▶ _What you have to do_
What is needed is an exact copy of the lines from the start of the records below through the line with "Def Leppard Vintage", without the pictures.

[[ Given entries open ]]

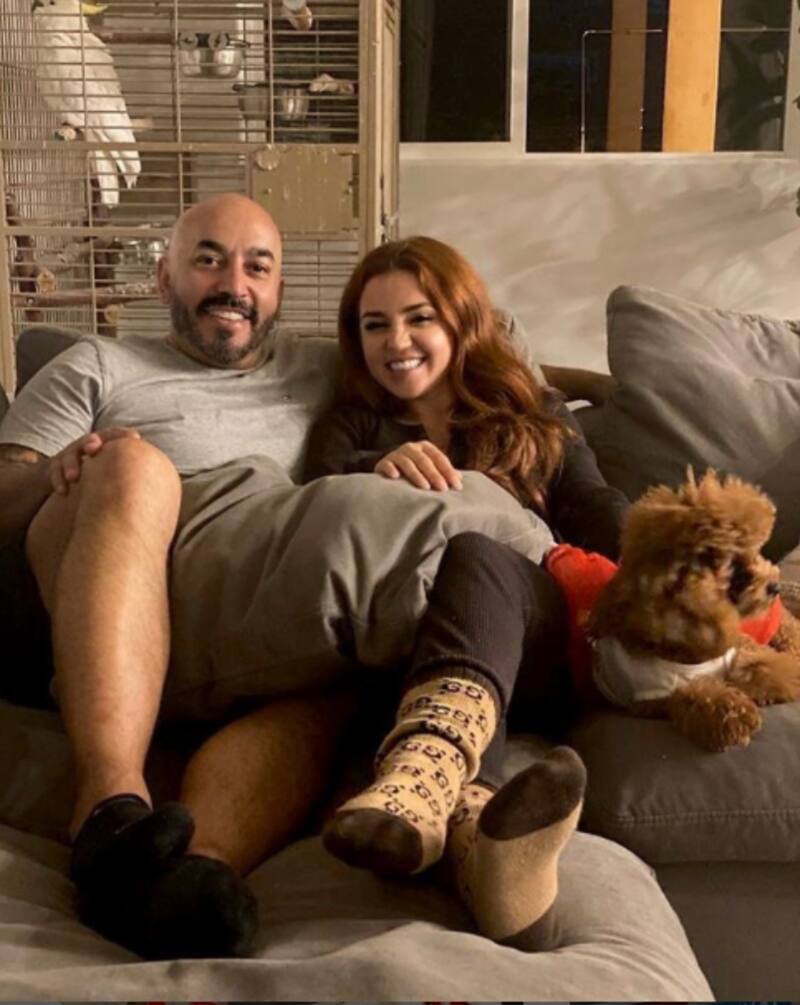 El romántico y tan criticado beso de Lupillo Rivera a su novia - Créditos: Instagram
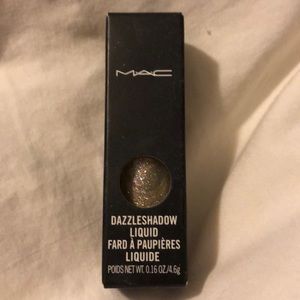 MAC dazzle shadow liquid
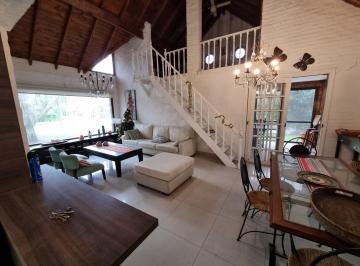 Casa · 350m² · 6 Ambientes · 2 Cocheras · Casa de 5 Ambientes en Alquiler en Country Banco Provincia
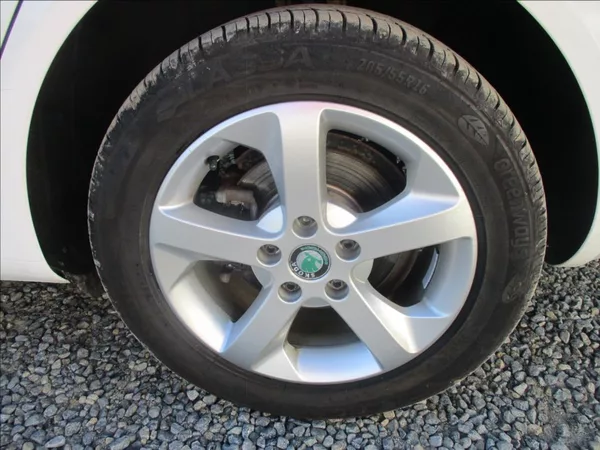Škoda Octavia 1,4 TSi, Navi,aut.klima,servis - foto 32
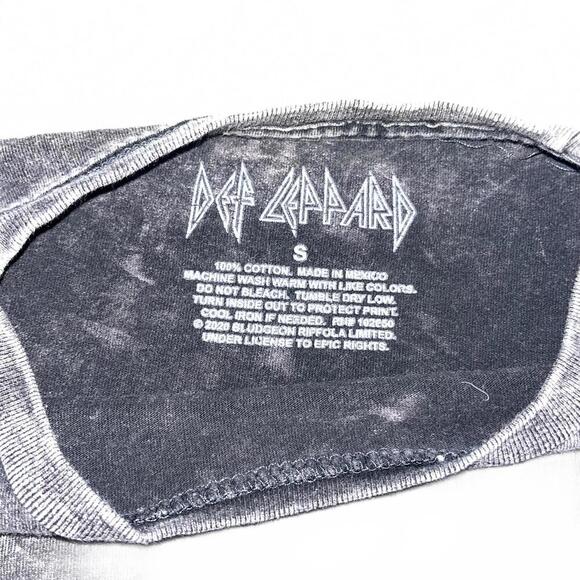 Def Leppard Vintage Style Acid Wash Band Cropped TShirt Black Womans Small Rock - Picture 5 of 5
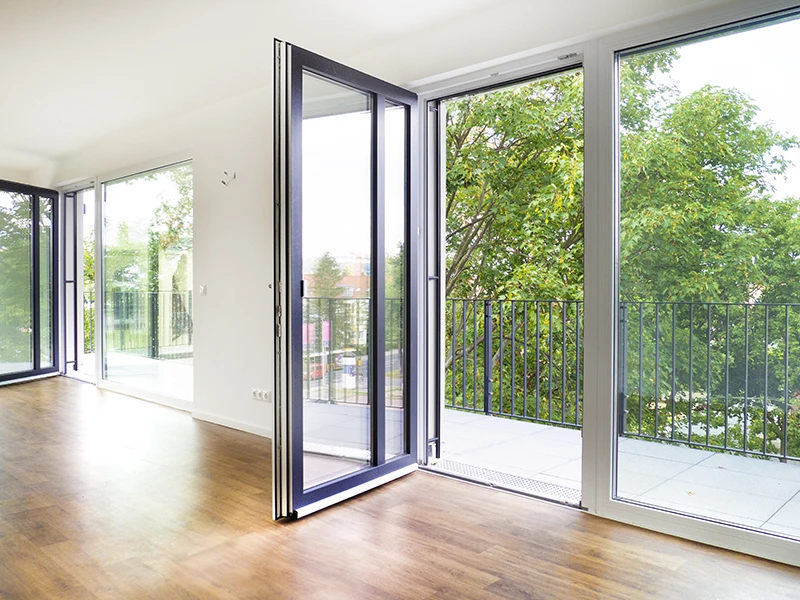 DSW24 – Dresder Servicewohnen GmbH – Augustus Residenz Dresden-Prohlis – ebenerdiger Balkon Heller Wohnbereich der Augustus Residenz in Dresden Prohlis mit großen bodentiefen Fenstern und Balkonzugang.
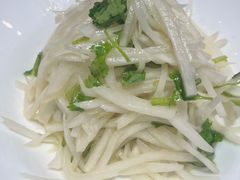 冷拌萝卜丝-木子山庄·安徽省老字号·中国炖锅宴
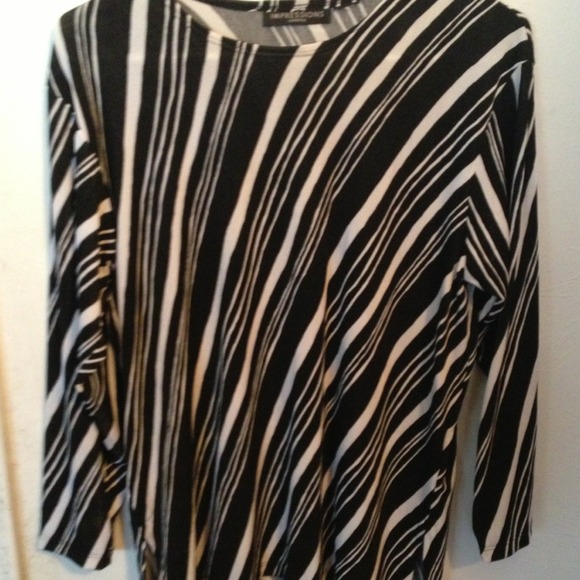 Blouse - Picture 2 of 2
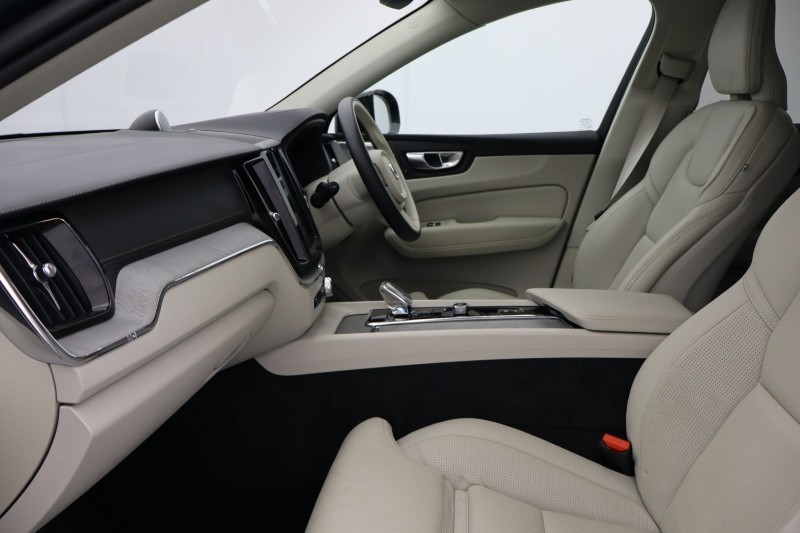 2025 (25) VOLVO XC60 2.0 T8 [455] PHEV Ultra Dark 5dr AWD Geartronic 5010247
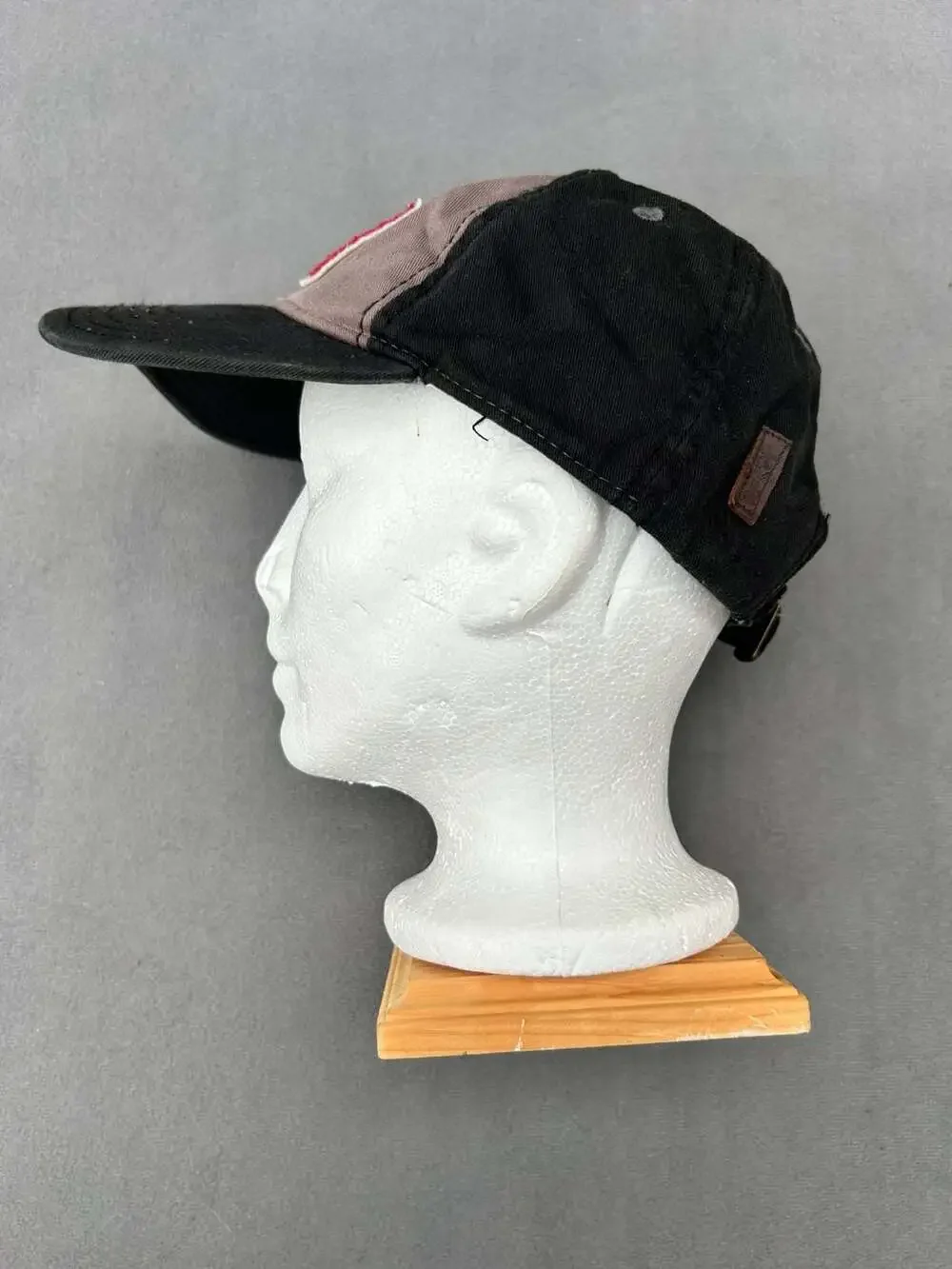 Levi's Black and Grey Batwing Logo Adjustable Baseball Hat Cap H203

[[ Given entries closed ]]

▶ _Task solution_
 El romántico y tan criticado beso de Lupillo Rivera a su novia - Créditos: Instagram
 MAC dazzle shadow liquid
 Casa · 350m² · 6 Ambientes · 2 Cocheras · Casa de 5 Ambientes en Alquiler en Country Banco Provincia
Škoda Octavia 1,4 TSi, Navi,aut.klima,servis - foto 32
 Def Leppard Vintage Style Acid Wash Band Cropped TShirt Black Womans Small Rock - Picture 5 of 5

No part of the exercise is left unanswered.